The viewer creates a micro-argument by viewing these juxtaposed images within the boundaries established by the macro-argument. Look at the first three sets of images: a church burning in Birmingham, Alabama; a defaced poster of Britney Spears; United Auto Workers smashing a Japanese import. Looking at the first image alone is to situate it in its own particular historical context: a specific time, place, setting, set of causal forces, etc. Similarly, the defaced poster is the result of historical conditions in another time and place. By placing one image next to the other, the viewer is invited to reflect on the commonalities in these two acts of violence against objects. What does the Church symbolize? What does the image of Britney Spears symbolize? What are the commonalities of these two acts of vandalism/Luddism/iconoclasm? Can we perceive a common pattern between these two historically different acts? Importantly, how does your understanding of the meaning of the first image change as a result of its juxtaposition next to the Spears poster? Does it change again when a new juxtaposition emerges? Now, add the third image: How does this event influence your understanding of the meaning of the other two images?
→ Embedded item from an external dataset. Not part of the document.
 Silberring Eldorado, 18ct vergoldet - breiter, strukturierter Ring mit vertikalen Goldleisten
Then, of course, after a few seconds, new images and new juxtapositions emerge, each adding layer upon layer of meaning. Throughout the swirl of juxtapositions, what common themes and patterns emerge that connect these acts of violence against objects? Answering these questions creates the micro-argument of this composition, the viewers’ particular mapping of these homologous acts. Where there is one macro-argument, there are as many potential micro-arguments as there are viewers of this composition. 
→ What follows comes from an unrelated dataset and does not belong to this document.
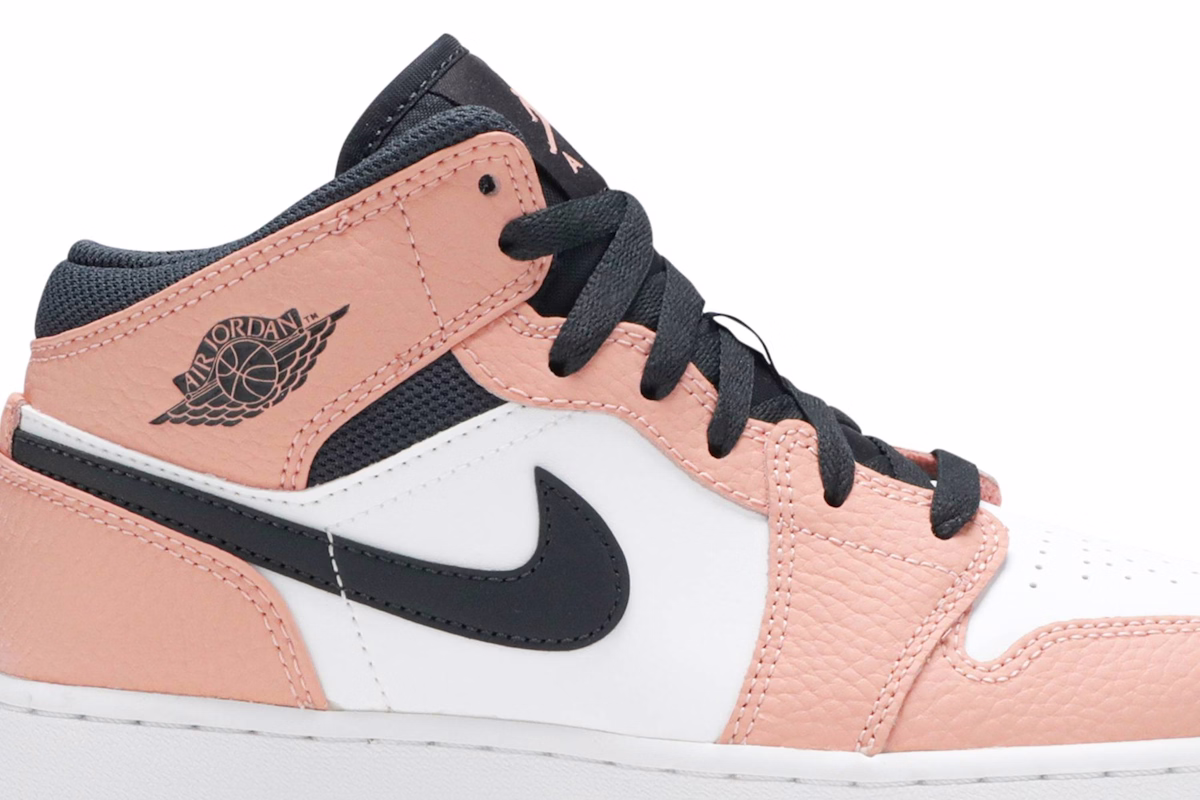 (Grade School) Air Jordan 1 Mid 'Pink Quartz' 555112-603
Juxtaposed images create a meaning that is established extralinguistically, before language. Visual arguments work at the level of perception, not logic; visual arguments have an ineffable quality formed outside of language. Therefore, because it works extralinguistically, unfolding in the eye of each viewer, the visual argument for this webtext is as much the responsibility of the viewer as it is the designer. I concede much of the interpretation to the viewer while retaining my role as procedural author, as Janet Murray (1997) claimed in relation to electronic media:

Procedural authorship means writing the rules by which the texts appear as well as writing the texts themselves. It means writing the rules for the interactor’s involvement, that is, the conditions under which things will happen in response to the participant’s actions. It means establishing the properties of the objects and potential objects in the virtual world and the formulas for how they will relate to one another. The procedural author creates not just a set of scenes but a world of narrative possibilities. (p. 152-153)

Each iteration of the images establishes new narrative and rhetorical possibilities. Within the set of visual choices I have established as the procedural author, a viewer can exercise agency by making associative connections between the images. Those associative connections are as important a component of the visual argument as are my choices as procedural author.